*Given records*
◆ ◆ ◆

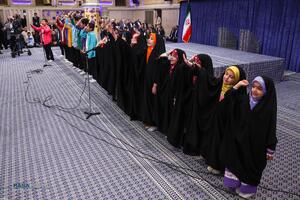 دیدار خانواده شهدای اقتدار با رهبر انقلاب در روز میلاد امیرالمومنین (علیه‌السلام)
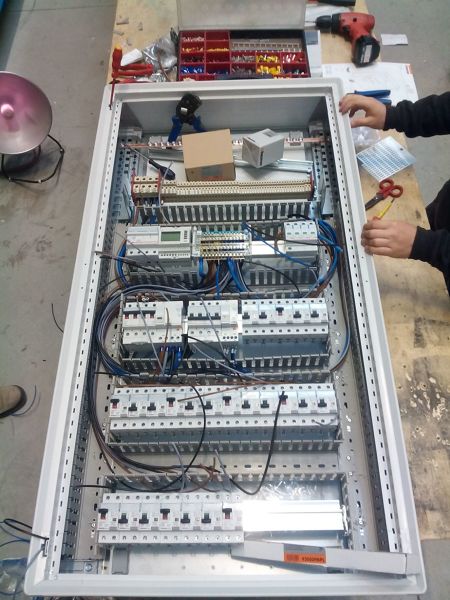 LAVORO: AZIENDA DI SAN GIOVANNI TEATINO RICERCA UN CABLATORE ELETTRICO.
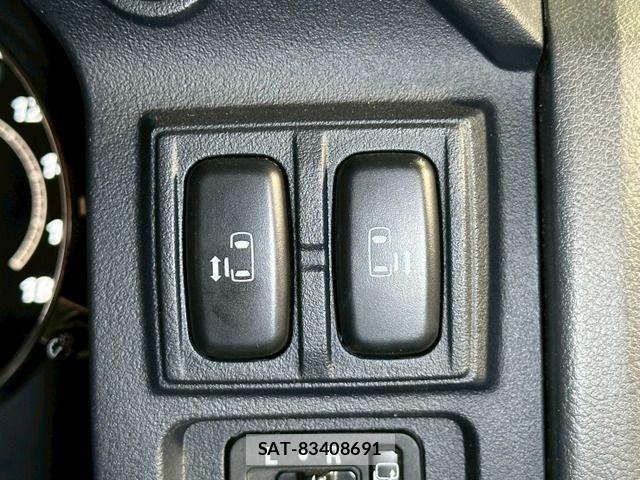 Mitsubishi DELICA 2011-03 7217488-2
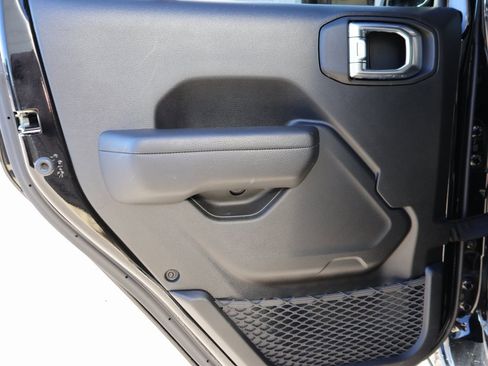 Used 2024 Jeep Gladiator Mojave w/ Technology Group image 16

◆ ◆ ◆

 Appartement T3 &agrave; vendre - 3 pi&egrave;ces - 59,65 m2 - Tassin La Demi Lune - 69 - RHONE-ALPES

◆ ◆ ◆

*What to work on*
In the records above, find the line with "Mitsubishi DELICA 2011-03 7217488-2" and the line with "Used 2024 Jeep". Write out exactly those lines and every one between, with no pictures and no other lines.

*Solved problem*
 Mitsubishi DELICA 2011-03 7217488-2
 Used 2024 Jeep Gladiator Mojave w/ Technology Group image 16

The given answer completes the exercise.